> [ABOUT THIS TASK]: Once the line containing "Skoda Scala 2024 Model Bagaj Havuzu" has been written out, stop; until then, restate each line of the entries below word for word from the first.

Caption-style text data:
────

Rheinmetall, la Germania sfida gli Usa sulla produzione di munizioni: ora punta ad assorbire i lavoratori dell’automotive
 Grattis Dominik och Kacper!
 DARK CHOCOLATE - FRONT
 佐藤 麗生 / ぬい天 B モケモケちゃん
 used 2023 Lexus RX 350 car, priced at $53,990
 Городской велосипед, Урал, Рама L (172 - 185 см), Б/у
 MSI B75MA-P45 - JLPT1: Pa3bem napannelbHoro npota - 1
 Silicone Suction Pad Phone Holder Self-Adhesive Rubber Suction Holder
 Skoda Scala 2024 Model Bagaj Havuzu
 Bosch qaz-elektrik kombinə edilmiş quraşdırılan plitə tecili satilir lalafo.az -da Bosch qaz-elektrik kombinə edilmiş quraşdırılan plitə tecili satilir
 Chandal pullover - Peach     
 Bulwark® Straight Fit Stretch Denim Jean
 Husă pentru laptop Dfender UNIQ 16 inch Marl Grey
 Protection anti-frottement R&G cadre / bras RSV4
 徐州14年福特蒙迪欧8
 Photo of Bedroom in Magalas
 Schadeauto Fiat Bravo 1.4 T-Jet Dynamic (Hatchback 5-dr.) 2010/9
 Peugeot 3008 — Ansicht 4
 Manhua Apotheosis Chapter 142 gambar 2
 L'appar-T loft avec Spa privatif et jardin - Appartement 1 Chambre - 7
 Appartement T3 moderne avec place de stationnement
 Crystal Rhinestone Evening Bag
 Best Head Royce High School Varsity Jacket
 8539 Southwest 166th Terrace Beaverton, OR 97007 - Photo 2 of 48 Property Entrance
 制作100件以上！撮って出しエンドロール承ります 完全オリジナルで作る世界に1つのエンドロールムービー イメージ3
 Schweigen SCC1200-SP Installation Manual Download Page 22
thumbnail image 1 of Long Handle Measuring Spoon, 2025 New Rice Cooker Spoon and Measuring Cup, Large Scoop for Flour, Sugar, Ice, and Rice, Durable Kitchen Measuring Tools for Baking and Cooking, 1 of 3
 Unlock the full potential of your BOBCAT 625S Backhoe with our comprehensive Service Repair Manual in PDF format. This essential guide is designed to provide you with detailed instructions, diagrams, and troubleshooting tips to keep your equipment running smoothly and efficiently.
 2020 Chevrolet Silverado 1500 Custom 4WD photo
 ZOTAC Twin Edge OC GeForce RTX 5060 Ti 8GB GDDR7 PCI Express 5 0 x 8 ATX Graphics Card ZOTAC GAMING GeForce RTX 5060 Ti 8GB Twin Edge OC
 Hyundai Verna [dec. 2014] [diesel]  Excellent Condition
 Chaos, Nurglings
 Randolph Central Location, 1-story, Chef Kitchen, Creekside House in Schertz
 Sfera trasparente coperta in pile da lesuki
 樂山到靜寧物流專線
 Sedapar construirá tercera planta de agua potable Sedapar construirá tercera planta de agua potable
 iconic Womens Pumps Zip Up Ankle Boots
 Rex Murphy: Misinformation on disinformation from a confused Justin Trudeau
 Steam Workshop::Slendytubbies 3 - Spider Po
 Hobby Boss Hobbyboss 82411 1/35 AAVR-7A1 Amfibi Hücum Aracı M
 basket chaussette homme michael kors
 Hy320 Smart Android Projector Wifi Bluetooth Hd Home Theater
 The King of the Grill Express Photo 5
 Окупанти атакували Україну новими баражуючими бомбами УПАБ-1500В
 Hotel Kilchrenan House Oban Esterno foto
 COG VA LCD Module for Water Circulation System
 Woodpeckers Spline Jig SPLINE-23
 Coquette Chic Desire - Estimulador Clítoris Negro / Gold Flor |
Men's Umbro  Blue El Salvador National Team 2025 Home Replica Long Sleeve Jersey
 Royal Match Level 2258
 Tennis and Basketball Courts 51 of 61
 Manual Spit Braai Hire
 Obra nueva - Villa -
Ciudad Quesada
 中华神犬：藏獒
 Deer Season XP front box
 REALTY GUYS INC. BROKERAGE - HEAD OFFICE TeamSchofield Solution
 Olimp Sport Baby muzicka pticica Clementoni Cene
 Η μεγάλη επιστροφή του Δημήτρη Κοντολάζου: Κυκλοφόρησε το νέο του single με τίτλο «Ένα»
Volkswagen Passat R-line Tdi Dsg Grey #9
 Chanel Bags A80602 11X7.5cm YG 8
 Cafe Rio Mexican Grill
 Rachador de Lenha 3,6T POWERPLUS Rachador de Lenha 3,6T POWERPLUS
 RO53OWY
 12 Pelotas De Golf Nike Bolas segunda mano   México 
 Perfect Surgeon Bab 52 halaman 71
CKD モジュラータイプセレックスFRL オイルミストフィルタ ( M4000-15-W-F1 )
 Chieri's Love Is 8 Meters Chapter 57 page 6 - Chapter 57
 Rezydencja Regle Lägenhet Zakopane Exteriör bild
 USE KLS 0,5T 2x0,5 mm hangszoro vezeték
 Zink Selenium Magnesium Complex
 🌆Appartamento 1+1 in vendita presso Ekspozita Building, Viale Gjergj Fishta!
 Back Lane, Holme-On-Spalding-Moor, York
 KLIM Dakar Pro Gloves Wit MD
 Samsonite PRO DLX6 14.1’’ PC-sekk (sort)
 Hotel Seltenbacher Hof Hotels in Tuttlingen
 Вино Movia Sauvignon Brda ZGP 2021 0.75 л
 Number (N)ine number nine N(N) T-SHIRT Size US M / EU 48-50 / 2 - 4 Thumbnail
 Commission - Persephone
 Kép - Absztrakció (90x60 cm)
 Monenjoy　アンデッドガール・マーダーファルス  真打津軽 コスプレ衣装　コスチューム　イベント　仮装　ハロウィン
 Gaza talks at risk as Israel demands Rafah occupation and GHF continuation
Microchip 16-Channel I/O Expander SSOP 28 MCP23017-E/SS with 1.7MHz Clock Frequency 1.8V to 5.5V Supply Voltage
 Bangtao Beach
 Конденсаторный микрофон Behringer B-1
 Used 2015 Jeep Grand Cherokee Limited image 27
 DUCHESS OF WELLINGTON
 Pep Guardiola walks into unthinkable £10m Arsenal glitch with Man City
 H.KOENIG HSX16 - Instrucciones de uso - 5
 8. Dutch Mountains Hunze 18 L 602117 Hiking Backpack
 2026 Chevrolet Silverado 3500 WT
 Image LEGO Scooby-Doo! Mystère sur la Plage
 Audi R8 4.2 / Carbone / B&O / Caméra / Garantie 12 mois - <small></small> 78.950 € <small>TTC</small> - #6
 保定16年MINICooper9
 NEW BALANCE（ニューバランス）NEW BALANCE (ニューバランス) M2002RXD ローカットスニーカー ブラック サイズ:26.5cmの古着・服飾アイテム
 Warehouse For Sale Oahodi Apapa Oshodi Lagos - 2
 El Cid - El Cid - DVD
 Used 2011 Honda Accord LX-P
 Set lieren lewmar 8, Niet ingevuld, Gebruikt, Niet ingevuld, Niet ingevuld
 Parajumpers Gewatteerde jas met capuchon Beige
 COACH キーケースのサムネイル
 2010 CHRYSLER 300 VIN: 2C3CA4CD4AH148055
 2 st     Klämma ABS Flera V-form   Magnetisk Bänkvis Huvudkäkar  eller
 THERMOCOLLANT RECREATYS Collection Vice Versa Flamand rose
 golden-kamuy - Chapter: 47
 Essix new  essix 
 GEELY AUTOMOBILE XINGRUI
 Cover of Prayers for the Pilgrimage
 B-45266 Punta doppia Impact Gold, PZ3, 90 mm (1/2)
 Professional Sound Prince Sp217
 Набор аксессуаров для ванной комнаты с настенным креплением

────

> [RESULT]:
Rheinmetall, la Germania sfida gli Usa sulla produzione di munizioni: ora punta ad assorbire i lavoratori dell’automotive
 Grattis Dominik och Kacper!
 DARK CHOCOLATE - FRONT
 佐藤 麗生 / ぬい天 B モケモケちゃん
 used 2023 Lexus RX 350 car, priced at $53,990
 Городской велосипед, Урал, Рама L (172 - 185 см), Б/у
 MSI B75MA-P45 - JLPT1: Pa3bem napannelbHoro npota - 1
 Silicone Suction Pad Phone Holder Self-Adhesive Rubber Suction Holder
 Skoda Scala 2024 Model Bagaj Havuzu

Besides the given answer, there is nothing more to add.